Onboarding shouldn't just be about the mechanics of your job. Job mechanics are easy to pick up. What's harder to pick up is all the context around the job mechanics. The team dynamics. The organisational culture. The stuff that, if you get it right it will help you do your job easily and, if you get it wrong, can see you unknowingly commit cultural faux pas that will see you relegated to outsider status and having a long road ahead of you to gain acceptance.

Onboarding should be focussed primarily on welcoming new people into the organisation and introducing them to the people they work with and the corporate culture they will be working in.

Let's start with the team. If we look at introducing people to corporate teams, it's pretty much - “Here is your desk, this is Joe. Off you go.” If you are lucky (and not in lockdown) you might get a welcome lunch (pay for your own of course) to get to know your new team members a bit better but after those basic intros it's down to work. If you look at the way good sports teams introduce new players it's very different. There are introductions and team building sessions and there is a lot, an awful lot, of intense training with the team so that everyone knows everyone's strengths and weaknesses. The standard plays are assessed and reworked to take advantage of any new strengths the newcomer brings. If the newcomer is lacking any specific skills, training plans are put in place to get them up to speed.

At work, although we work in teams, mostly we work as individuals. Not as a coordinated unit. How often do you see a team doing the equivalent of training together? Without that training, interactions take a long time to become smooth. The ball gets dropped a lot. The fact that the newcomer to the development team doesn't know they have to put the ticket number into the check-in comment to trigger the code review means that their work gets stuck and they need to go ask what has happened. Then that will get fixed but they don’t know the next little thing or the next. So their work will constantly get blocked and restarted.
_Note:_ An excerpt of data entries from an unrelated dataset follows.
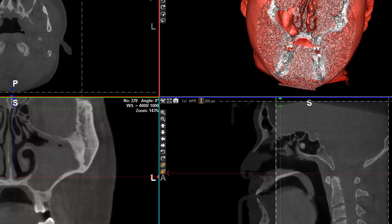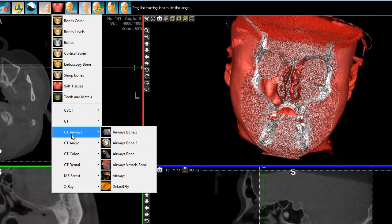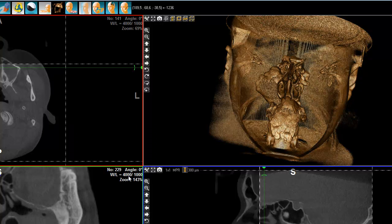What we're going to do is simply try to fill up this Sinus. For that, I need to define exactly the shape of this Sinus. I have a special mode, which is Airways, where I can select negative.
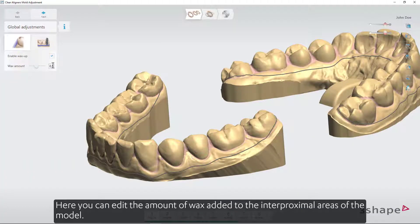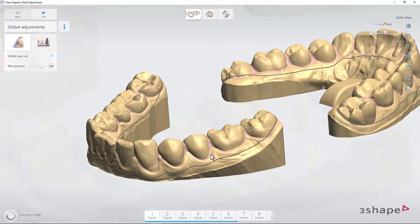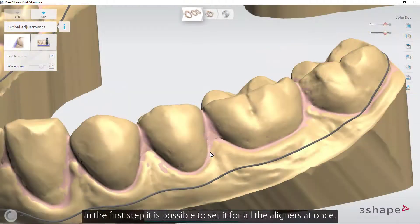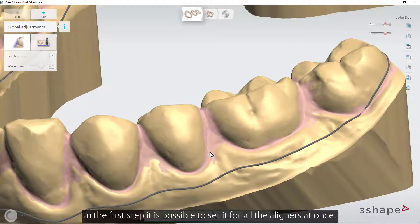Here you can edit the amount of wax added to the interproximal areas of the model. In the first step, it's possible to set it for all the aligners you want.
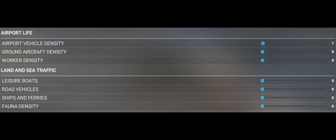We would also recommend reducing all other options in this menu if you would like to increase general performance in the simulator.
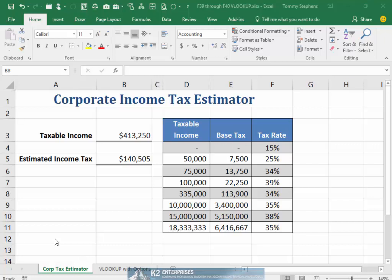To illustrate, cell B5 of the workbook currently shown on the screen contains a formula used to calculate the amount of corporate income tax due.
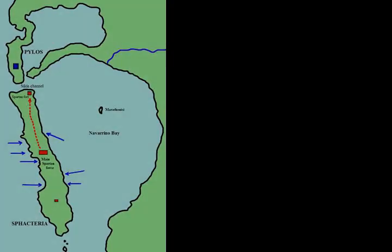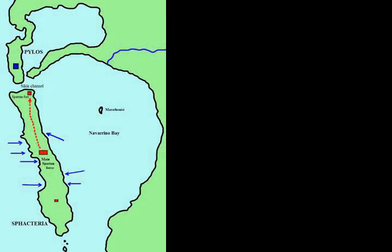Unable to make any headway, the Spartans withdrew in some confusion to the northern end of the island, where they dug in behind their fortifications and hoped to hold out.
People will start to wonder why the new person isn't productive. In many teams it takes months to really get productive.

If, however, the whole team spent a morning together, doing the equivalent of training, all this would be sorted out in the first day. Running a code dojo (for development teams) or some sort of appropriate simulation for other teams, will help new people learn the way things are done and will allow the whole team to sharpen up the way they work together and maybe take advantage of any new strengths new people can bring.
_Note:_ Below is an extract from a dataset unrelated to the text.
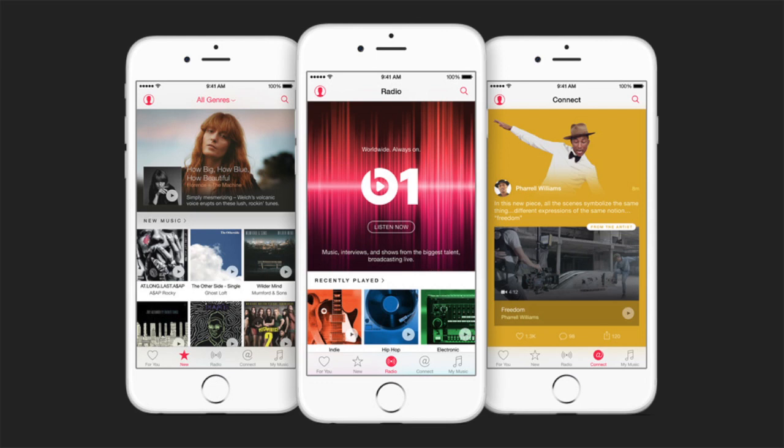In addition, there's a social media-style area where artists can communicate with fans — somewhat similar to the old Ping, so we'll have to see how many artists adopt it. There's also a fourth component called Beats One, a 24-hour live streaming radio station with DJs where everybody listens to the same thing at the same time and discovers new music.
The other really important thing that gets missed in a traditional onboarding is culture. Culture sets the context for our jobs. Why we do things the way we do them. The context around decisions - if faced with a decision between customer service and profit, some organisations will skew towards service, others towards profit. If you are new to an organisation, it is import that you know which way to go.
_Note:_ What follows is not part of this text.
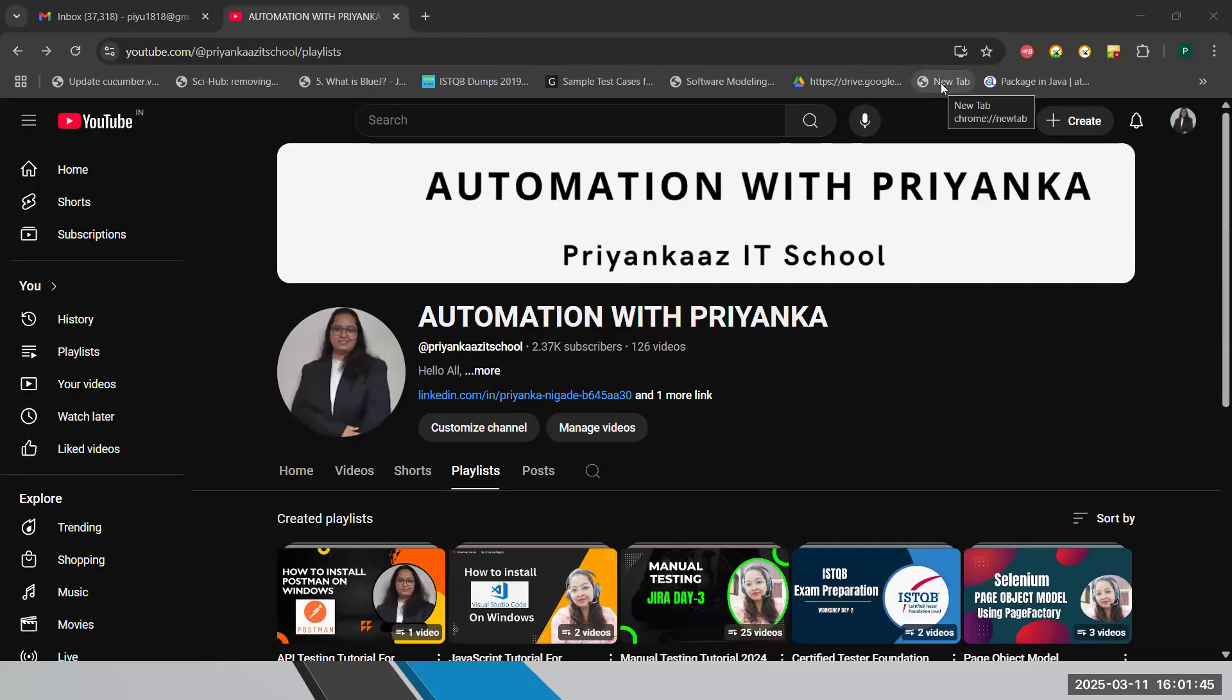Hello everyone, this is Priyanka. Welcome to my channel Automation with Priyanka. Today in this video, I will be talking about how to create an Appium driver session using UI Automator 2 options class.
Organisations need to start properly introducing new people to the organisation's culture. Now that assumes that the organisation actually knows and understands its own culture. Which most organisations don't. There may be some aspirational culture type statements on posters on the wall, but there is often a big gap between the the aspiration and the actual culture. I have worked in many organisations where the official values were all about togetherness and working as one team but the actual culture was all about getting ahead by stabbing your peers in the back.

Culture is basically the values and goals of the organisation (the real ones, not the ones on the poster) and way we work together to achieve them. Without knowing the culture we will do the wrong things, make the wrong decisions, mess up relationships and generally screw things up.

If an organisation does understand its culture, it can start properly introducing it to new people. A lot of more enlightened organisations, where culture is something intentional rather than accidental, do this sort of cultural introduction to new people as part of, or as the whole of their onboarding.

In order to be really good at your job you need two things - competence and clarity. Competence we usually bring with us - we are hired for skills. But clarity comes from understanding the organisational context we operate in. Much of that comes down to team dynamics and organisational culture. Without an understanding of this we don't have the context we need to apply our competence effectively.